[[ Record extracts, beginning ]]

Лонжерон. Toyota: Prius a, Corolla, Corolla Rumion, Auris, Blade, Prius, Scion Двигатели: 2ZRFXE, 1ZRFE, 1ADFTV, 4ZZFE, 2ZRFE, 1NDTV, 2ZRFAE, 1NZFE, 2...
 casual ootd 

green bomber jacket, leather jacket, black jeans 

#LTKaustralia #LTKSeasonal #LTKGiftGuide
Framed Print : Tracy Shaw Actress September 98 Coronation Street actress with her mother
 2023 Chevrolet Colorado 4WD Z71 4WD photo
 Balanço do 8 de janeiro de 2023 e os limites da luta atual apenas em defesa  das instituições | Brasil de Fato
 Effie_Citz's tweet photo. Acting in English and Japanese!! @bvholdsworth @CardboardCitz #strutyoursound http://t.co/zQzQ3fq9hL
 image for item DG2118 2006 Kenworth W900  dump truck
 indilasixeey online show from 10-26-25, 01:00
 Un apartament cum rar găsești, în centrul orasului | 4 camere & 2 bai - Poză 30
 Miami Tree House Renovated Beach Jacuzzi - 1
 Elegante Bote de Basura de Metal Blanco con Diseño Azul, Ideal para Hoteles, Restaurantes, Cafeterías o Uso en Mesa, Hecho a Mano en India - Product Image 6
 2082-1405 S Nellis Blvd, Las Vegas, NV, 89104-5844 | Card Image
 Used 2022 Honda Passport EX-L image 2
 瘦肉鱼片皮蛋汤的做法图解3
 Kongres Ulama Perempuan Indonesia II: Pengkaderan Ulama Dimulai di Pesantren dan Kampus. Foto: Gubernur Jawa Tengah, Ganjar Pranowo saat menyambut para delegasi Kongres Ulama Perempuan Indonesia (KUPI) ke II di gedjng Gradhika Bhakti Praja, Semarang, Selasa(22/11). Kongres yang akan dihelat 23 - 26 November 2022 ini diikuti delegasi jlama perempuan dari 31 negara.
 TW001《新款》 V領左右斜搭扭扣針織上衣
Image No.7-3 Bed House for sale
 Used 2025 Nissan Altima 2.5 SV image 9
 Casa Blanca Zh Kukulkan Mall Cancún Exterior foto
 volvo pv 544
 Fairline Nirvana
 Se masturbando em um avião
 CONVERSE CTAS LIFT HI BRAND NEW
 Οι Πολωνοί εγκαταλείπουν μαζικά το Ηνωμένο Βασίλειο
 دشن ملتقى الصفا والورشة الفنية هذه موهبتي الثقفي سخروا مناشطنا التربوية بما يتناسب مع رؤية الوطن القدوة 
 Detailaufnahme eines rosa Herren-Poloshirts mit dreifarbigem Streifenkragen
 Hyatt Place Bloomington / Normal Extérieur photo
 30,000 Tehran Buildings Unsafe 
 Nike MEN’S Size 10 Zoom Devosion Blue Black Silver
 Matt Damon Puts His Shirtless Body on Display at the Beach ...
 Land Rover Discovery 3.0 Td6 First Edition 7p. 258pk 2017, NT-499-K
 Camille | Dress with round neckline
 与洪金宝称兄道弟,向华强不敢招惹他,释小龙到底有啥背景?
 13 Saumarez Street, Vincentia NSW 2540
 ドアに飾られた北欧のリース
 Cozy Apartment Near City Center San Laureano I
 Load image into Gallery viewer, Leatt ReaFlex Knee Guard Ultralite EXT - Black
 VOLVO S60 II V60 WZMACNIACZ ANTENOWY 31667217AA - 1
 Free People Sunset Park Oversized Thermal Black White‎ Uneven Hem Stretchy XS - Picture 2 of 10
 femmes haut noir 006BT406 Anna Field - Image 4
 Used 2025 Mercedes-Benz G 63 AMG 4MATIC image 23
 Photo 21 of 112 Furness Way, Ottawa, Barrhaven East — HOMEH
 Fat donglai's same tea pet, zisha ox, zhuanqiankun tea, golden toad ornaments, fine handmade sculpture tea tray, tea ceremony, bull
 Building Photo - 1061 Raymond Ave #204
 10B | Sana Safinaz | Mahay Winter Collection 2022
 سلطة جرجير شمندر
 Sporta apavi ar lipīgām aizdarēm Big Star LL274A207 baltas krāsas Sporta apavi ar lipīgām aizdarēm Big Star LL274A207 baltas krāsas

[[ Record extracts, end ]]

• **Your goal**
Report every line in the data above in which the word "Street" appears.

• **The completed task**
Framed Print : Tracy Shaw Actress September 98 Coronation Street actress with her mother
 13 Saumarez Street, Vincentia NSW 2540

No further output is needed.